Bereits am Donnerstagmorgen hatte sich Bundespräsident Christian Wulff beim Empfang des Papstes im Schloss Bellevue deutlich kritischer geäußert als erwartet, indem er heikle Fragen an die katholische Kirche formulierte: "Wie barmherzig geht sie mit Brüchen in den Lebensgeschichten von Menschen um?", wollte der in zweiter Ehe lebende Wulff zum Beispiel von Benedikt XVI. wissen - gemeint war der Ausschluss von nach einer Scheidung wiederverheirateter Katholiken von der Kommunion. Als Reaktion darauf wich der Papst zwar von seinem Redemanuskript ab und dankte Wulff für seine "in die Tiefe gehenden Begrüßungsworte". Dabei blieb es jedoch.
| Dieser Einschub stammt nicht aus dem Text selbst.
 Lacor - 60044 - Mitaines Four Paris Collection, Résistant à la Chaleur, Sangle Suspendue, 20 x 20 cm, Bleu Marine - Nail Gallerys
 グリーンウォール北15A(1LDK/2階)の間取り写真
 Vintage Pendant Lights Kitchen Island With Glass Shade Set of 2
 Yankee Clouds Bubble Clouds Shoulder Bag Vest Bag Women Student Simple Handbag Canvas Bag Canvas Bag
"Wissenschaftliche Vorlesung" im Bundestag
Auch aus den folgenden Treffen mit Wulff und CDU-Bundeskanzlerin Angela Merkel drang nichts Überraschendes an die Öffentlichkeit. Die Rede im Bundestag über das Verhältnis von Glauben und Vernunft schließlich glich eher einer wissenschaftlichen Vorlesung als einer Botschaft an die breite Bevölkerung. Der Papst nahm Politik und Wissenschaft in Pflicht und forderte dazu auf, mehr moralische Verantwortung zu übernehmen.

Auf drängende Fragen kritischer Zeitgenossen und verunsicherter Gläubiger ging Benedikt XVI. aber nicht ein. Der katholische FDP-Abgeordnete Hans-Michael Goldmann gab nach der Rede zu, diese sei "nicht einfach" gewesen. Erfreulicherweise hätten aber selbst kritisch eingestellte Abgeordnete "in beeindruckender Weise" zugehört.
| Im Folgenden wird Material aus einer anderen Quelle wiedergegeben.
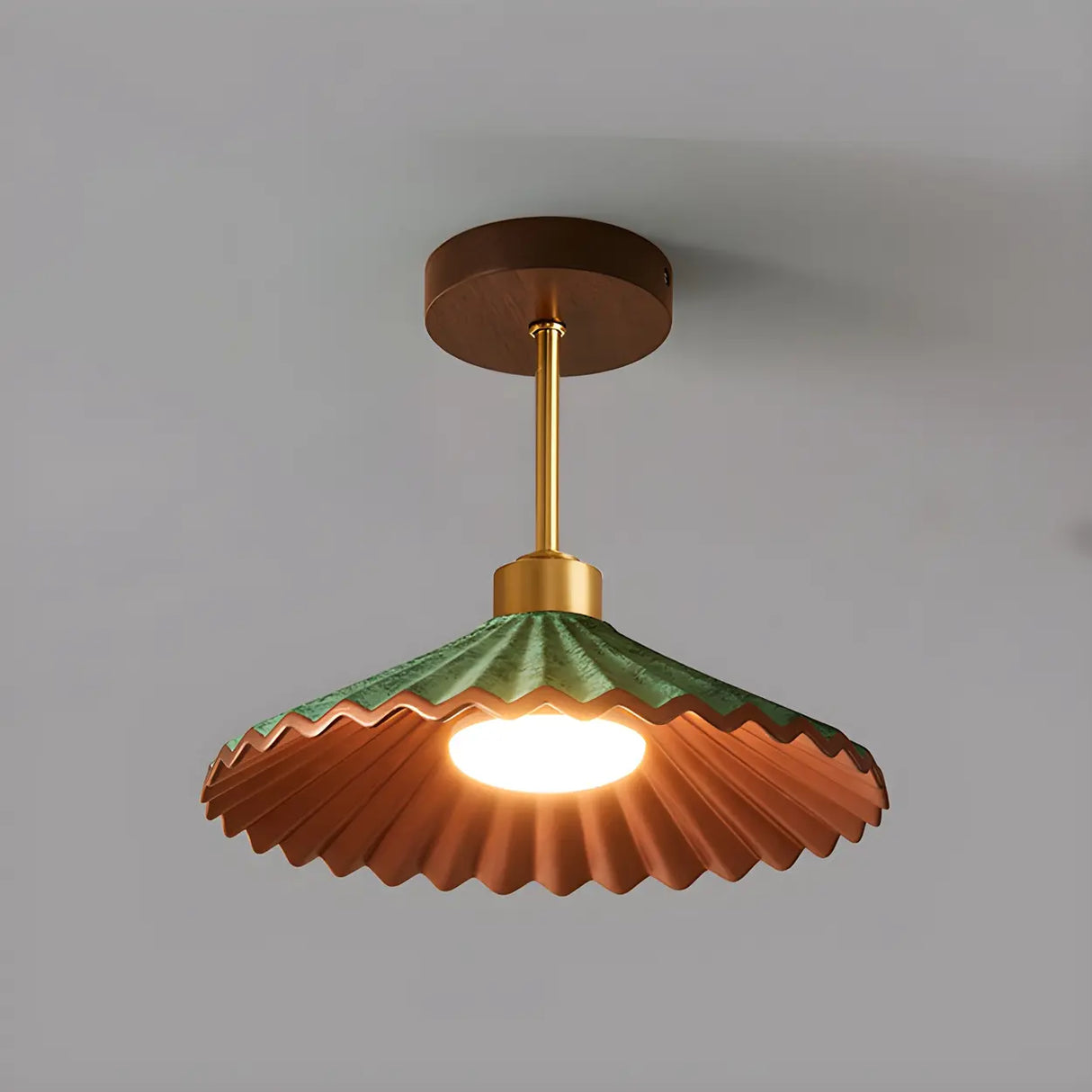 Entrance Mini Green Wood Cone Semi-Flush Mount Light Image - 6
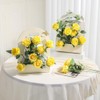 Ramo de rosas artificiales de seda con tallo largo para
"Total menschliches" Hoppala
Das Plenum hatte sich schon früh zu füllen begonnen. Als Benedikt XVI. in Begleitung Wulffs unter Applaus den Saal betrat, waren bei Grünen und SPD fast alle Plätze besetzt. Bei der Linksfraktion, wo viele Abgeordnete rote Aidsschleifen trugen, war aus Protest nicht einmal die Hälfte der 76 Parlamentarier anwesend. Zu einer Panne kam es, als der Papst nach der Begrüßung durch CDU-Bundestagspräsident Norbert Lammert zum Präsidiumsbereich statt zum Rednerpult gehen wollte. Die protestantische CSU-Abgeordnete Marlene Mortler fand aber gerade dies "total menschlich".

Papst: "Gut und Böse unterscheiden"
Zum Ende seiner Ansprache wünschte Benedikt XVI. den Parlamentariern ein "hörendes Herz" und "die Fähigkeit, Gut und Böse zu unterscheiden und so wahres Recht zu setzen". Die protestantische SPD-Abgeordnete Kerstin Griese sagte hinterher, sie hätte sich vom Papst im Gegenzug gewünscht, "dass er ein hörendes Herz gegenüber Missbrauchsopfern zeigt".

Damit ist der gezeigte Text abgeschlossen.